The root cause of the apparent problem may relate to a much higher-order set of questions: Why and What. Unless leadership has answered the question of Why the business exists, it cannot define What the business must do, and just How to go about doing it. It is often much easier for business leaders to jump directly to How and avoid the Why, and What. This is particularly difficult when business leadership is comprised of multiple owners or business partners.
Many corporate initiatives have gone awry or have not solved the underlying business problems for this reason. Business leadership may need to press the “pause button” and address these higher-order questions. This is but one instance where business owners and partners can benefit from taking the time to align their vision.
When there are multiple owners, the process of discussing and aligning the Why can be uncomfortable and may unearth long-standing differences in personal styles or values. It may be that the partners have different goals for themselves or their families. Time frames or exit criterion may vary. Partner roles, responsibilities, authorities, or governance rules may no longer be clear.

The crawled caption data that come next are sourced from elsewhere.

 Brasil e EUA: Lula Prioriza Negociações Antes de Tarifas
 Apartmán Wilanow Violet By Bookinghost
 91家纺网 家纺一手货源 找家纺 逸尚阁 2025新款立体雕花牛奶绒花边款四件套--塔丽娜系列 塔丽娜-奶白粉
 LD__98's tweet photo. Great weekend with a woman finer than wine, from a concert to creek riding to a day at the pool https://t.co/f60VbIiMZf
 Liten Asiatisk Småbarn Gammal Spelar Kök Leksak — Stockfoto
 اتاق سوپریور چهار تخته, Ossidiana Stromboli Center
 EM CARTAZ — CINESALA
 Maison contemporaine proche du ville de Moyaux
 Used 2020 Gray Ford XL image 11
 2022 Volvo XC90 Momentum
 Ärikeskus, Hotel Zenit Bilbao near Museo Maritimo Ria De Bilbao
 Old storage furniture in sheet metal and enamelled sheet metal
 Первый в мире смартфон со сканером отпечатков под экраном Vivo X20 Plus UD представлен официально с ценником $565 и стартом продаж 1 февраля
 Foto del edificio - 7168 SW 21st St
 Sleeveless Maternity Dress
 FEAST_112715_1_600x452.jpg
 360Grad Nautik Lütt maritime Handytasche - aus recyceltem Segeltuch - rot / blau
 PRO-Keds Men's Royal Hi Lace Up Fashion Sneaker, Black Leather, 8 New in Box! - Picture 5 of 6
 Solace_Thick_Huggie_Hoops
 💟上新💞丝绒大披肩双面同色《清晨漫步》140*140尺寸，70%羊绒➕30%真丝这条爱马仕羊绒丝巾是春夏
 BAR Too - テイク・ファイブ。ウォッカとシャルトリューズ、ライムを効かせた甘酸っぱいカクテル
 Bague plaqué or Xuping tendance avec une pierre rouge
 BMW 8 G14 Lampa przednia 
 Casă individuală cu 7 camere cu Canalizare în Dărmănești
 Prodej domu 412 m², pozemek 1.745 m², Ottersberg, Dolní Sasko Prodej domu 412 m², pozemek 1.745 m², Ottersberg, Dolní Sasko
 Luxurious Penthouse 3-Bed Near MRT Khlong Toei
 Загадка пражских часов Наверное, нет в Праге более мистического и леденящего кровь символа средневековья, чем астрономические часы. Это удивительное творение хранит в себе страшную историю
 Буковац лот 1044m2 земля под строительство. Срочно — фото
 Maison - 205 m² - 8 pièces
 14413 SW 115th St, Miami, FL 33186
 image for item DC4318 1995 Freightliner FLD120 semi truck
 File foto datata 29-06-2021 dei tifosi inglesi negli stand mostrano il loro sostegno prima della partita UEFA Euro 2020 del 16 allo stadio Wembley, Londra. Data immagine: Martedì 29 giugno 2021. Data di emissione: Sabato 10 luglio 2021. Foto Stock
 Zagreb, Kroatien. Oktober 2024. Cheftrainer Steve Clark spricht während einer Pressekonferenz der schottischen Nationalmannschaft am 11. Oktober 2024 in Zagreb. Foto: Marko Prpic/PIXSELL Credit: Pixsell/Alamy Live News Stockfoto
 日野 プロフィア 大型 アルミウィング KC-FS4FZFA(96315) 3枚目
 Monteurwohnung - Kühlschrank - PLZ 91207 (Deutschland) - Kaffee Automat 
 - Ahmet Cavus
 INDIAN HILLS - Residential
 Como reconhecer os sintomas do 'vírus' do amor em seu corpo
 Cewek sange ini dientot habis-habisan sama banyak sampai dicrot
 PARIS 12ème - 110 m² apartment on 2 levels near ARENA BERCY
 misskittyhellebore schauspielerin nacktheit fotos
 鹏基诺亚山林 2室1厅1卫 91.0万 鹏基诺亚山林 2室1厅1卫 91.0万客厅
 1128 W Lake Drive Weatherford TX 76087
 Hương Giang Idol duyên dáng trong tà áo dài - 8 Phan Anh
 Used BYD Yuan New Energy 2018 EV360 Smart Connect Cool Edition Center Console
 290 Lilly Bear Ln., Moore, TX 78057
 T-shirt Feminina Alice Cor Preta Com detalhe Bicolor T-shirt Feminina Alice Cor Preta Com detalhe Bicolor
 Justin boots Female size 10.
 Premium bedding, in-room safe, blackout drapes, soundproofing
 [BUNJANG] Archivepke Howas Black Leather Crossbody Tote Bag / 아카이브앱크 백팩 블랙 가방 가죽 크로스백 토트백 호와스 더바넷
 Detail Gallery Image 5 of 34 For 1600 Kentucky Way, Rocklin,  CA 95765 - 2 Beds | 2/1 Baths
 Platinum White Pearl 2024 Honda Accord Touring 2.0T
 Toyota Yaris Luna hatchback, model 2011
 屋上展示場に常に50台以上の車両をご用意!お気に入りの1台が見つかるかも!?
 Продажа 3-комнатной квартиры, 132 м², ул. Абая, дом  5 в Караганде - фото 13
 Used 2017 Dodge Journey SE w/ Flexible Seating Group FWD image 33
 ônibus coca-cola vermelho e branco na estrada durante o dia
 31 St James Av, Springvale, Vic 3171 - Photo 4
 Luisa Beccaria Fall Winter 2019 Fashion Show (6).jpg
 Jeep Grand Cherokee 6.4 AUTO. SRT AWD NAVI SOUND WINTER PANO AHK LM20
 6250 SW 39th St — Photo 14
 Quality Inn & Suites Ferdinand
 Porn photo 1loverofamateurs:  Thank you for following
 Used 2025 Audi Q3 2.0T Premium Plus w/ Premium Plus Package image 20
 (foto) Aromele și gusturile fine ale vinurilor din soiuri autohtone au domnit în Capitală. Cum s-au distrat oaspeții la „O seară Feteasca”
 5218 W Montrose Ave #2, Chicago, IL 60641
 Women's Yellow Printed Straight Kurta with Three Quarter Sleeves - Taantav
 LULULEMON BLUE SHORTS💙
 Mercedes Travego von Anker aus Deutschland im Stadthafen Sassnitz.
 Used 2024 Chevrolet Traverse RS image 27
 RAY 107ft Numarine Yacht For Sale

There may be several reasons for this lack of alignment. Business owners and partners can become trapped in the day-to-day management of their company and lose sight of their shared vision. Partners may not have aligned their visions when they started their business or they may have not taken the time to revisit their original vision. In either case, their vision must set the Why of the business.
The Why is driven by the recognition that the business must first serve the needs of the owners. As such, they must start with Why and commit time to a Visioning process. If ownership does not have alignment on a single Vision, the recognition and discussion of their differences is essential. The sequence of starting with Why, prior to a discussion of What, and then How, assures that the business design will serve the needs of the owners.
It is too easy to become trapped in the day-to-day or to avoid difficult or uncomfortable conversations. Invest the time with your business partners on Visioning and check in with that vision regularly.